DATA BLOCK
○ ○ ○ ○
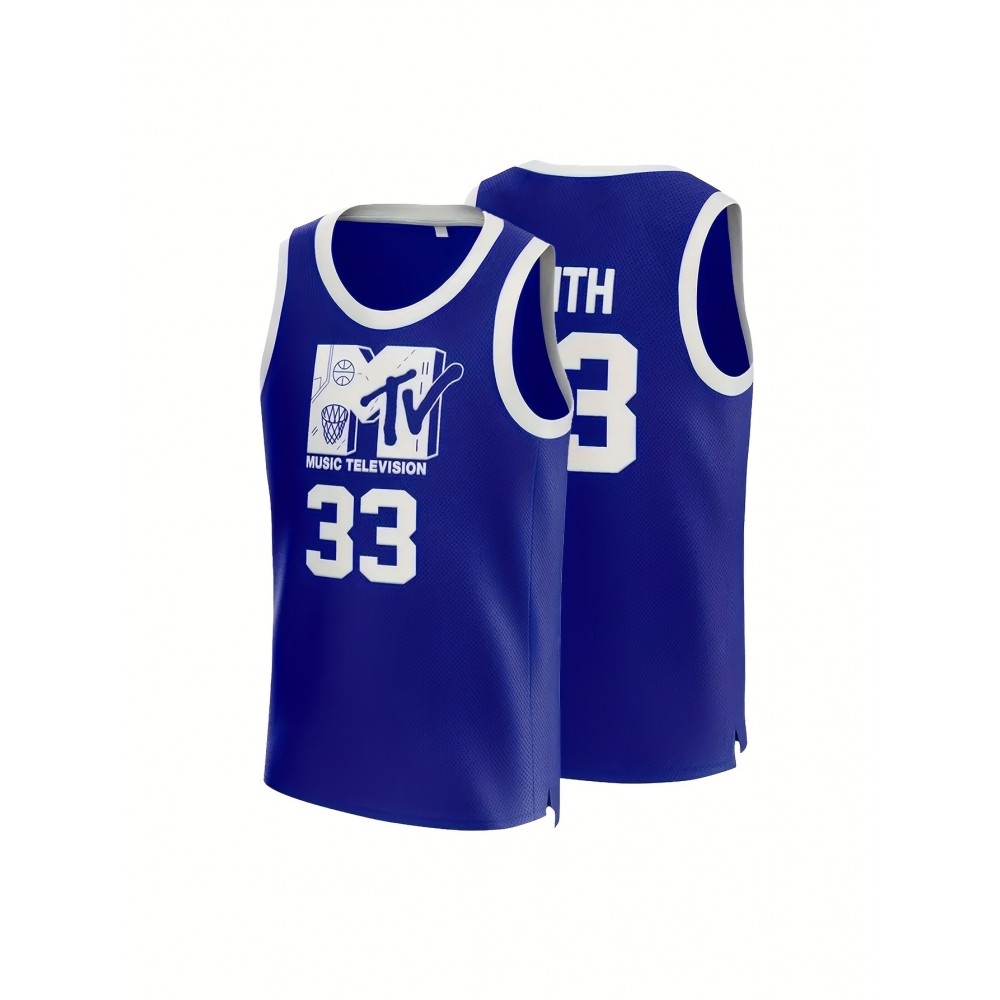 Men's #33 Breathable Basketball Jersey - Casual & Sporty Sleeveless Tank Top in Blue, MTV Music Television Embroidery, Polyester, Round Neck - Perfect for Team Sports, Outdoor Activities & Casual Attire, Sizes S-3XL Men's #33 Breathable Basketball Jersey - Casual & Sporty Sleeveless Tank Top in Blue, MTV Music Television Embroidery, Polyester, Round Neck - Perfect for Team Sports, Outdoor Activities & Casual Attire, Sizes S-3XL
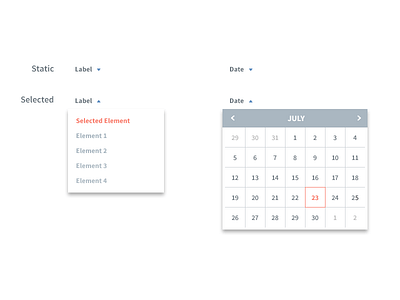 UI Style Guide calendar drop down kit list selected ui white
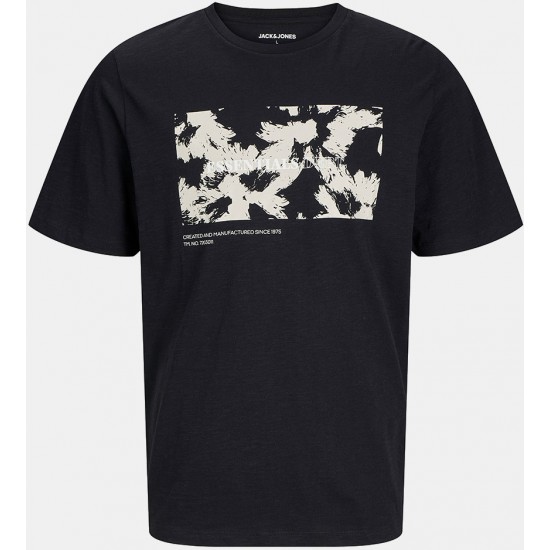 Jack & Jones Monochrome Shape Tee Ss Cre Jn 12269827-black Jack & Jones Monochrome Shape Tee Ss Cre Jn 12269827-black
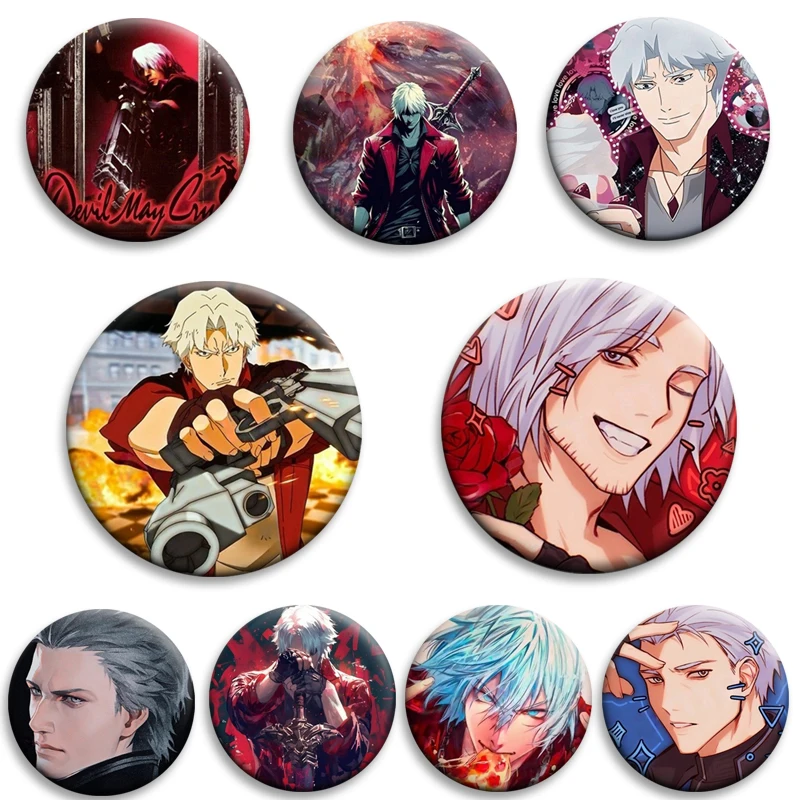 

32/58mm Devil May Cry Anime Cartoon Figures Brooches Button Pins Coin Badges on Backpack Clothes Accessories Gift for Friends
○ ○ ○ ○
WHAT IS REQUIRED
Output the listing above exactly as it stands; no picture should appear.

EXERCISE OUTPUT
 Men's #33 Breathable Basketball Jersey - Casual & Sporty Sleeveless Tank Top in Blue, MTV Music Television Embroidery, Polyester, Round Neck - Perfect for Team Sports, Outdoor Activities & Casual Attire, Sizes S-3XL Men's #33 Breathable Basketball Jersey - Casual & Sporty Sleeveless Tank Top in Blue, MTV Music Television Embroidery, Polyester, Round Neck - Perfect for Team Sports, Outdoor Activities & Casual Attire, Sizes S-3XL
 UI Style Guide calendar drop down kit list selected ui white
 Jack & Jones Monochrome Shape Tee Ss Cre Jn 12269827-black Jack & Jones Monochrome Shape Tee Ss Cre Jn 12269827-black

32/58mm Devil May Cry Anime Cartoon Figures Brooches Button Pins Coin Badges on Backpack Clothes Accessories Gift for Friends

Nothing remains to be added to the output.